MPs struggle to save NGCDF
The Friday, September 20, ruling is another blow to the CDF which has faced several legal tests in its history.
In 2022, the Supreme Court dealt a major blow to the fund after declaring the Constituency Development Fund (CDF) Act 2013 unconstitutional.
The country’s apex court found that CDF was a violation of the separation of power doctrine while highlighting other concerns regarding division of revenue as guided by the Public Finance Management Act.
The Supreme Court ruling in 2022 was a culmination of a protracted court battle that commenced in 2015.
Members of the National Assembly would then introduce another bill in 2023 that was a modification of the NGCDF Act 2015.
The bill passed in 2023 enhanced the CDF kitty to increase allocation of resources towards scholarships, school feeding programs, among other functions in the education sector.

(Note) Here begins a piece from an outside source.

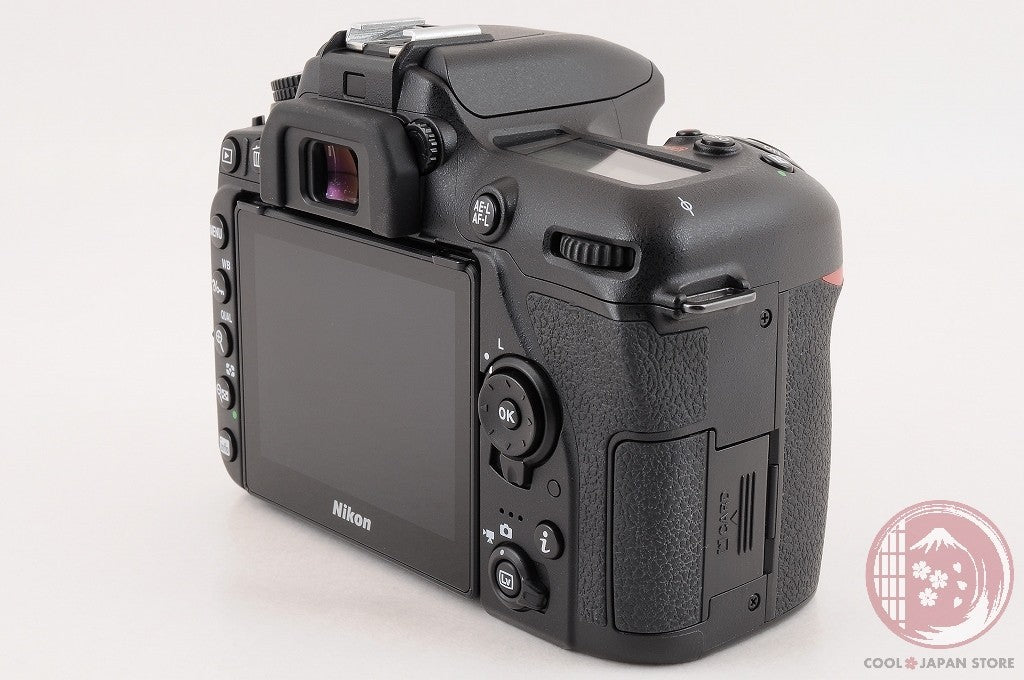 [ 24864 shots MINT+ in Box ] NIKON D7500 20.9MP Digital Camera Japan Cl91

President William Ruto has also been on record advocating for the use of CDF to bridge development gaps in the grassroots level through projects including construction of digital hubs and other IT-programs.
Whilst the CDF has been lauded for some advancements realized in the education sector, critics have taken issue with the distribution of funds under the MPs-led bursary programs.
A proposal by Speaker Moses Wetangula, for example, recommends the merging of bursaries and scholarships in the education sector to one, a move that would affect one of the major CDF functions.